Review of Deadly Recall by Donnell Ann Bell
5 stars
I reviewed a complimentary e-book copy provided by the author
and publisher via NetGalley, in return for my fair and impartial review.
“Deadly Recall” is a thriller as much as it is romantic
suspense, with a cast of characters who keep turning the screws of tension (and
turning up the interpersonal heat level) while the protagonist, Eden Moran,
suffers from traumatic amnesia, a condition which revolves around only one set
of memories—but which has affected her entire life from age nine. Once a good
student, and a prodigal piano artiste, one event—and the fact that she
witnessed it, inadvertently, resulted in failing grades, expulsion from the
parochial school, a lifetime of manipulation and disbelief from her controlling
mother. Now she is an accomplished public defender for the City of Albuquerque,
managing a lonely but successful life—until bones are discovered in the desert,
in the excavation for yet another new shopping center.

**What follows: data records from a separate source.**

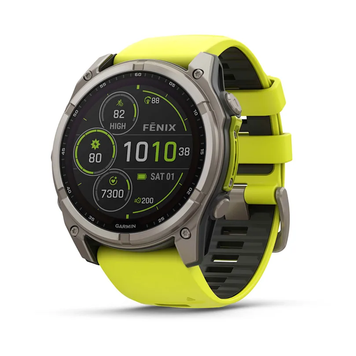 Garmin Fenix 8 &ndash; 51 mm Solar Sapphire Titanium with Amp Yellow/Graphite Silicone Band 010-02907-20 фото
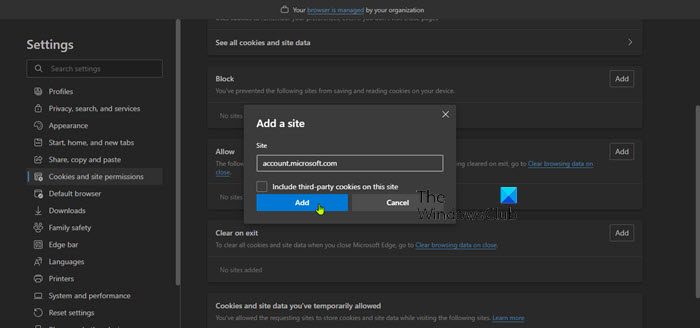 Allow Microsoft account page to save cookies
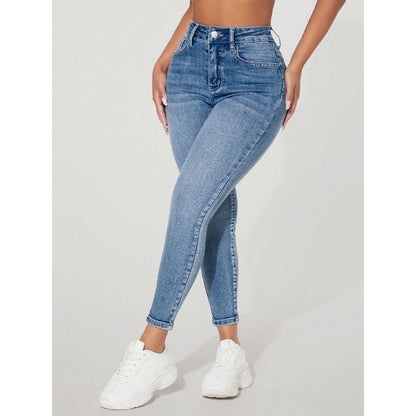 Skinny Stretch Jeans mit hohem Bund und Zierverschluss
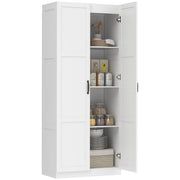 Farmhouse Pantry Cabinet 71" White Soft-Close-Pantry Cabinets-DECOROLALA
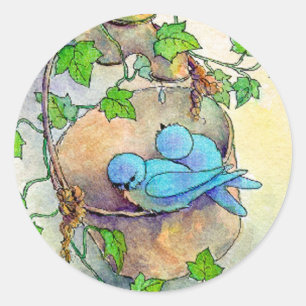 HAPPY BLUE BIRDS by SHARON SHARPE Classic Round Sticker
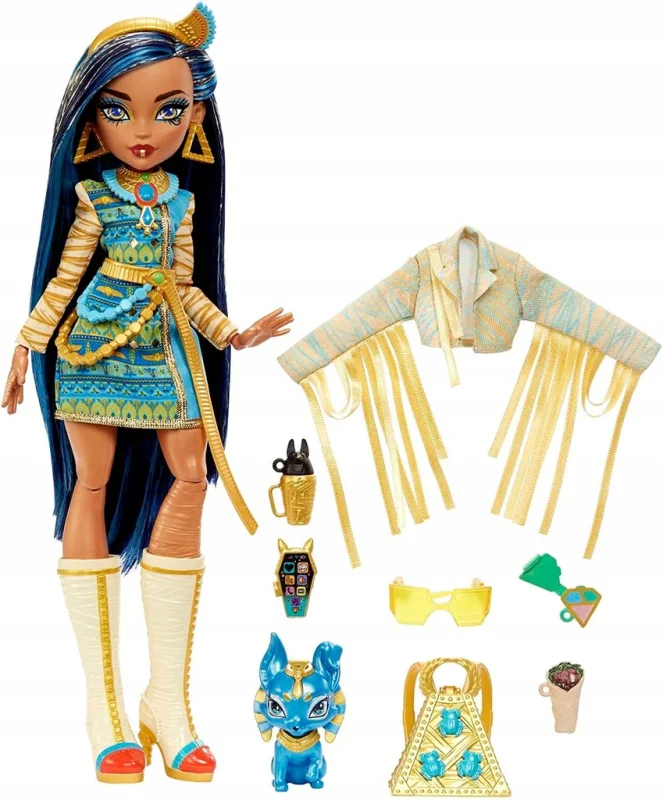 Monster High Cleo de Nile Mattel lalka + zwierzątko + akcesoria zestaw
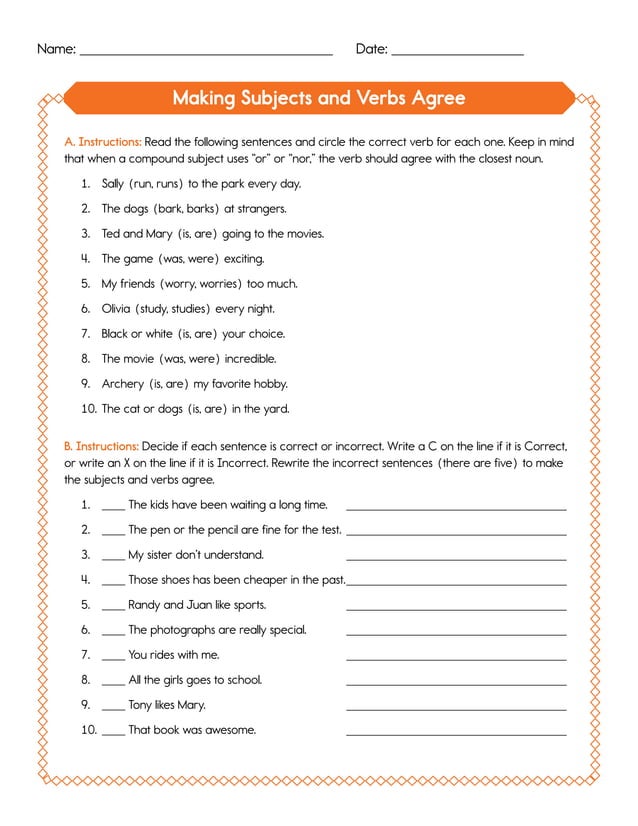 Making Subjects And Verbs Agree Rule 2 A Worksheets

Over the past couple of decades, scandal and trauma in the
Roman Catholic Church has been exposed often, specifically child abuse. Author
Donnell Ann Bell takes a new perspective to the Church, offering a priest who first
seduces nuns, then murders; then gets a promotion. The sensuality is steaming
but tasteful, and the romantic tension and push-me/pull-you emotions between
the detective and the public defender are delightful, sure to appeal to readers
who love romantic suspense which has both the qualities of romance and of
suspense.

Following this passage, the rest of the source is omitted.